Alliée - par mariage - aux familles Filhe, propriétaire du jardin du Roy, Clapiers, bourgeoisie de la rue Voltaire et Delors qui donne des juristes et des administrateurs à la ville, la famille de Cuers de Cogolin est une famille provençale importante depuis le 18ème siècle.
Au cours du 19ème siècle, les de Cuers de Cogolin sont cités dans la correspondance administrative au sujet de diverses affaires municipales : cession d’un terrain pour l’agrandissement de l’hôpital, désignation pour la participation à des commissions…

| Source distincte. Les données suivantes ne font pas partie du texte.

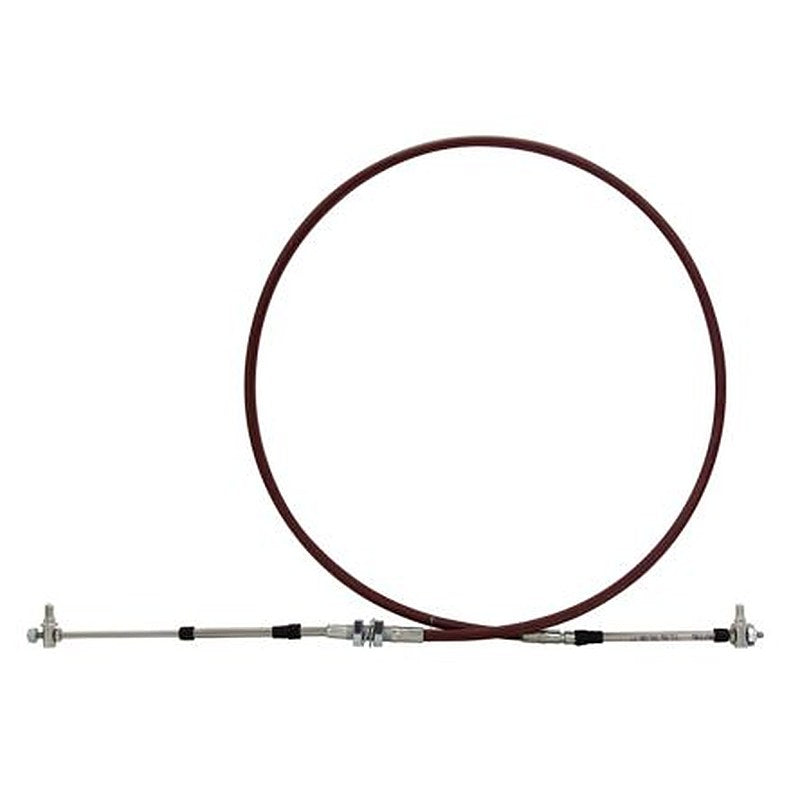 Eaton FLC Series Cable 3.5 in x 1.5 m x 1.86in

Un descendant de cette famille alors bien implantée à Hyères, Jean Baptiste Charles (1856-1927) embarque à Marseille pour l’Asie. Sans doute mandaté par la chambre de commerce phocéenne, il s’établit dans l’import-export d’abord au Tonkin puis à Yokohama au Japon. Il y sera président de l’Alliance française (vraisemblablement une société commerciale et non l’institut de diffusion de la langue française). Depuis l’ouverture du pays à l’Occident (ère Meiji, 1868), ce pays insulaire, longtemps replié sur lui-même, attire de nombreux étrangers. Des concessions leurs sont attribuées notamment à Yokohama.

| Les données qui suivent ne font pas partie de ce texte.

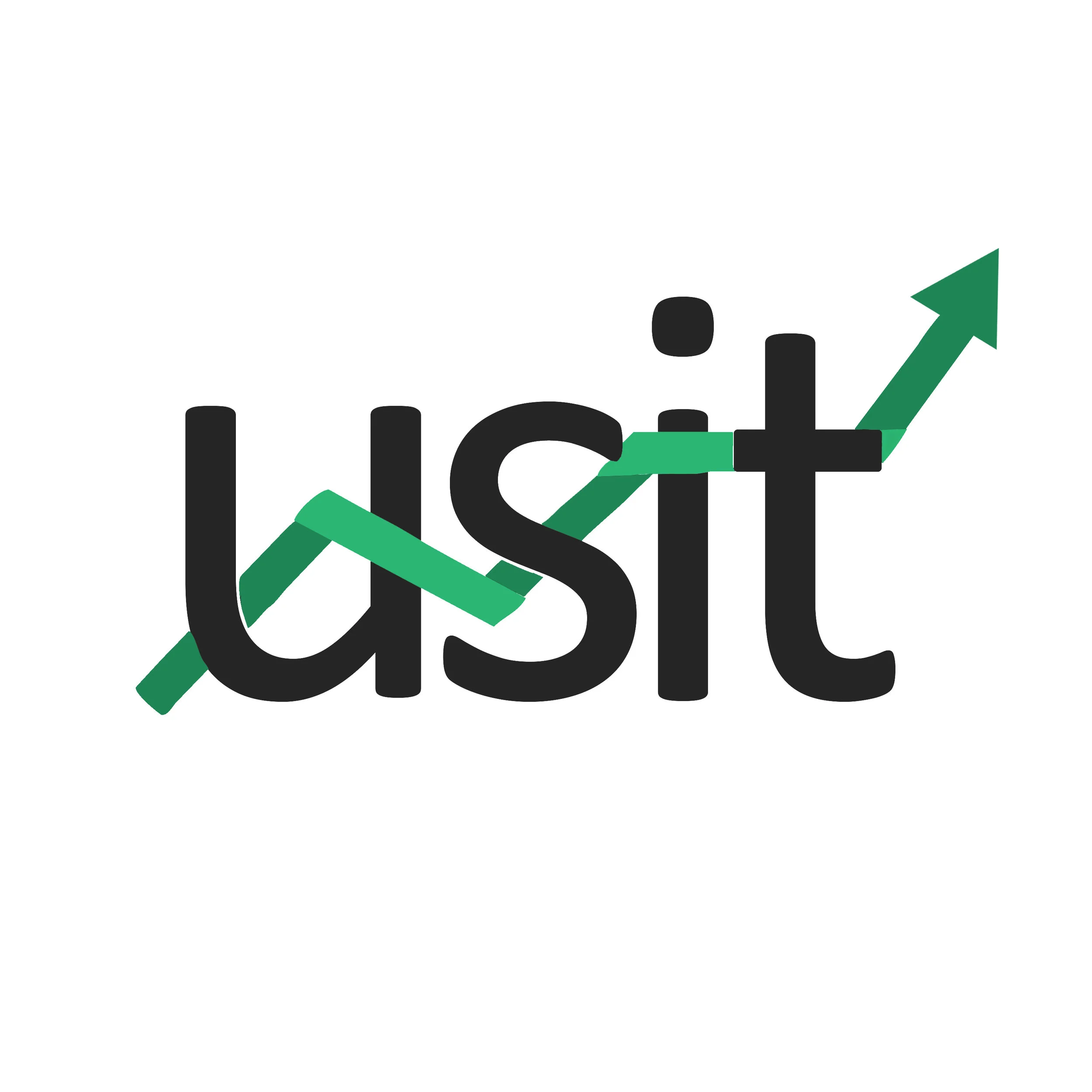 2018-2019 Position Applications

Jean Baptiste de Cuers de Cogolin
C’est toutefois à Haïphong (Tonkin) en 1908, que Jean Baptiste Charles épouse officiellement sa compagne japonaise, Yuki Kojima âgée de 26 ans. Il en a lui-même 52. Leur fille Henriette Haraou, née avant l’officialisation de cette union en 1898 à Yokohama, a 10 ans. Élevée dans une double culture, celle-ci grandit dans l’amour de la beauté japonaise, puis elle étudie la peinture au Japon chez Okada, en France, à l’Ecole des Beaux-Arts de Marseille puis au cours de l’Académie Julian à Paris, et ceux de l’Académie Humbert. Artiste en pleine ascension, elle exposera avec succès au salon d’automne.

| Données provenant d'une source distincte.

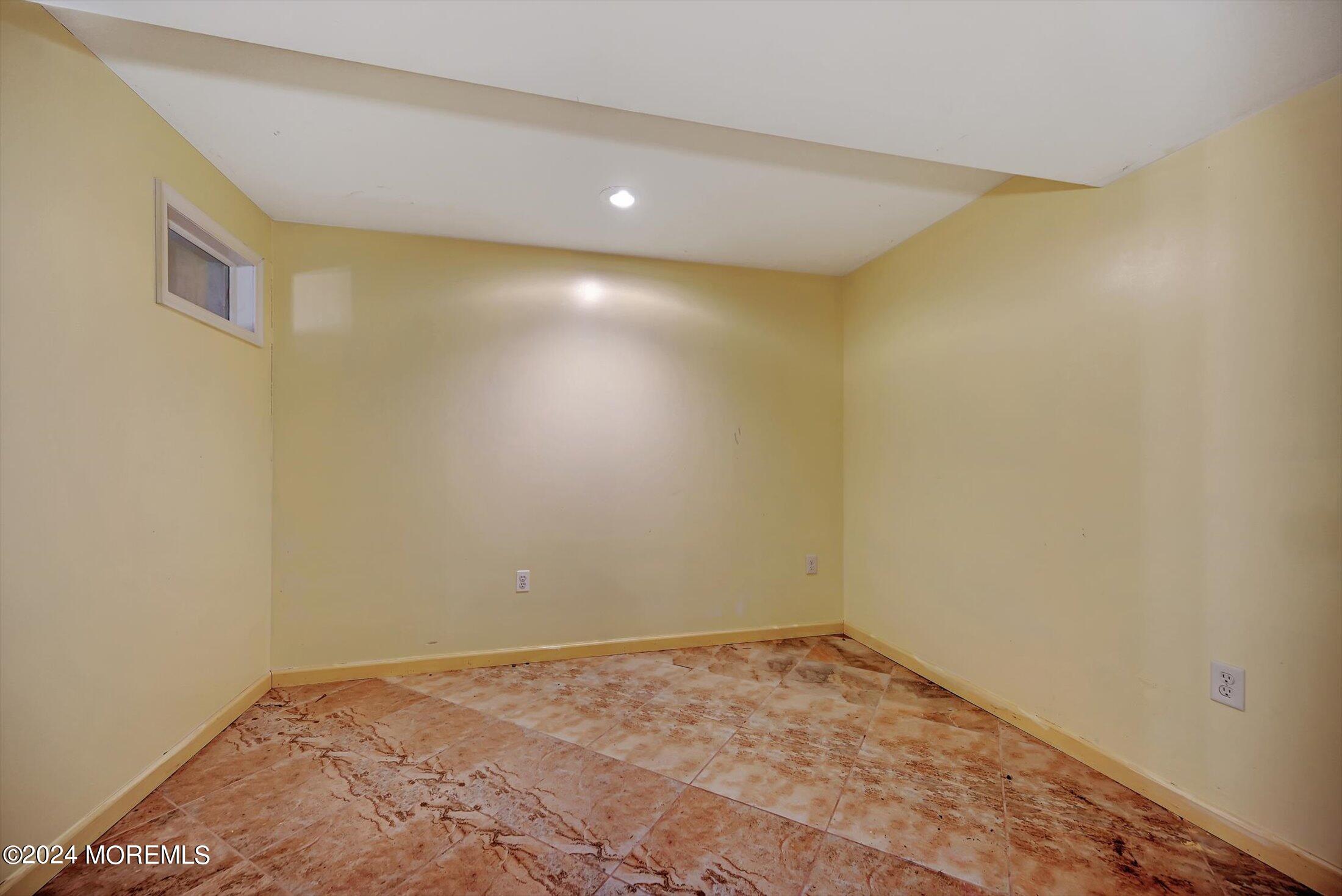 604 Windcrest Court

Henriette de Cuers de Cogolin
(11 juin 1918)
En 1920, ses parents s’installent à Hyères. Rentier, Jean Baptiste (64 ans) qui possède une maison d’import-export à Paris, se retire avec son épouse Yuki au n° 3 de la rue Saint Rémy. Entre 1920 et 1929, les Hyérois pourront ainsi apercevoir avec ravissement une Japonaise en costume traditionnel déambuler dans les rues de la ville. Jean Baptiste va retrouver la société locale, sa vie associative et devient président du Cercle des Iles d’Or.
Fragment de lavis
Mais le malheur frappe cruellement cette famille si originale : alors qu’elle était fiancée à un jeune sculpteur français, Henriette meurt brutalement à Paris en 1923. Son père Jean Baptiste décède à Hyères en 1927. Yuki se retrouve donc seule sous les palmiers, sans famille, dans un monde qui n’est pas le sien. Elle disparaît à son tour en 1929. Elle a seulement 47 ans. La rumeur parle alors d’un suicide par empoisonnement, seul son jardinier, Paul Amic, aurait pu en témoigner car c’est lui qui déclarera le décès à l’état-civil.
Fragment de lavis
La mort réunit cette famille hyéro-japonaise dans la tombe, tombe qui se trouve aujourd’hui dans le caveau des Clapiers de Cuers de Cogolin, au cimetière d’Hyères (allée Alphonse Denis, n° 100.)
Il nous reste aujourd’hui un patrimoine écrit exceptionnel et encore chargé de mystère qui fut légué à la Ville en 1931, sans doute par la famille du frère de Jean Baptiste Charles, Jean Baptiste Mathieu.
Une partie de la collection déposée à la bibliothèque en 1931
Les albums de photographies et de dessins, les revues féminines et les romans en japonais, les reliures délicates de papier dominoté ou de tissu moiré et les recueils de lavis restent aujourd’hui autant d’invitations au voyage vers le Japon afin de retrouver à Yokohama les traces de ces destins originaux qui relient Hyères à l’histoire du Pays du soleil levant.